Do it like this instead:

for (int i = 0; ie[i] != '\0'; ++i) { /* do something */ }

or

int ie_len = strlen(ie); 
for (int j = 0; j < ie_len; ++j) { /* do something */ }

because each loop condition check it calls strlen which takes length of string to calculate this function, so it takes square of string length in first case

I recommend use std::string and std::vector to store 2D array of strings, and avoid raw pointers and especially new operator (at least for code in question body you forgot delete for this new's).
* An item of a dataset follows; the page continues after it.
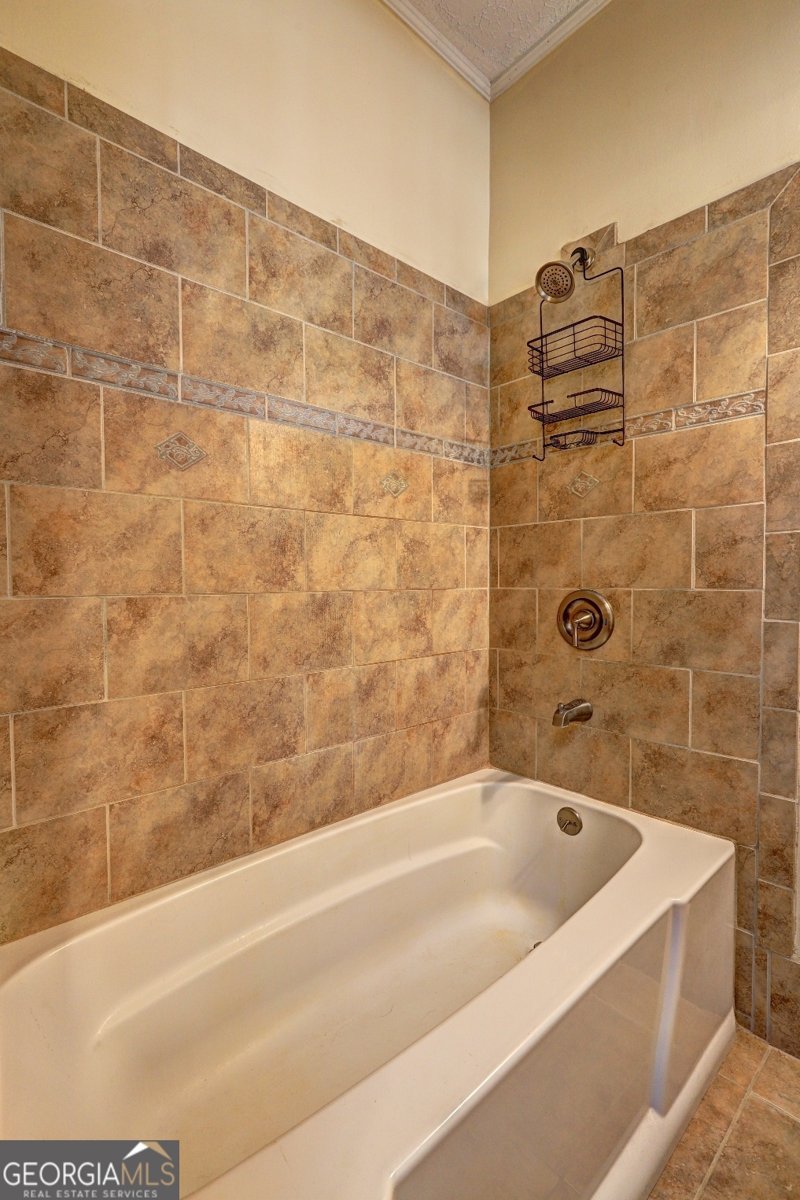 362 Brook Road Barnesville - Photo 45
If you really want mess with raw pointers, see the end of this answer, but now recommended way to do what you want (as I understand what you want):

#include<iostream>
#include<string>
#include<vector>
using namespace std;
int main()
{
    int M = 4;
    int N = 4;
    std::vector<std::vector<std::string>> A(M);
    char ie[20];
    for (int i = 0; i < M; i++) {
        A[i] = std::vector<std::string>(N);
    }
    // can be used std::fill(A.begin(), A.end(), std::vector<std::string>(N)); instead for loop above but for loop simplier to understand
    cout << "Row num" << endl;
    int row = 0;
    cin >> row;
    cout << "Row col" << endl;
    int col = 0;
    cin >> col;
    string temp;
    cout << "Item" << endl;
    cin >> temp;

    A[row][col] = temp;
    
    for (int i = 0; i < M; i++)
    {
        cout << std::string(N * (temp.size() + 3) + 1, '-') << "\n"; // add separator to be clear what happening
        cout << "| "; // add separator to be clear what happening
        for (int j = 0; j < N; j++) {
            A[i][j].resize(temp.size(), ' '); // for all columns has equal width to be clear what happening
            cout << A[i][j] << " | ";
        }
        cout << endl;
    }
}

example of input and output of this code:

Row num
1
Row col
2
Item
bob
-------------------------
|     |     |     |     | 
-------------------------
|     |     | bob |     | 
-------------------------
|     |     |     |     | 
-------------------------
|     |     |     |     | 

Messing about raw pointers (your code with some editions and useful comments):

#include<iostream>
#include<cstring> // cstring not string as @PaulMcKenzie mentioned in comments for strlen
using namespace std;
int main()
{
    int M = 4;
    int N = 4;
    char *item;
    char ie[20];
    // dynamically create an array of pointers of size `M`
    const char*** A = new const char**[M]; // need add one more star because two for two-dimensonal array and one more for ~string~(aka char array)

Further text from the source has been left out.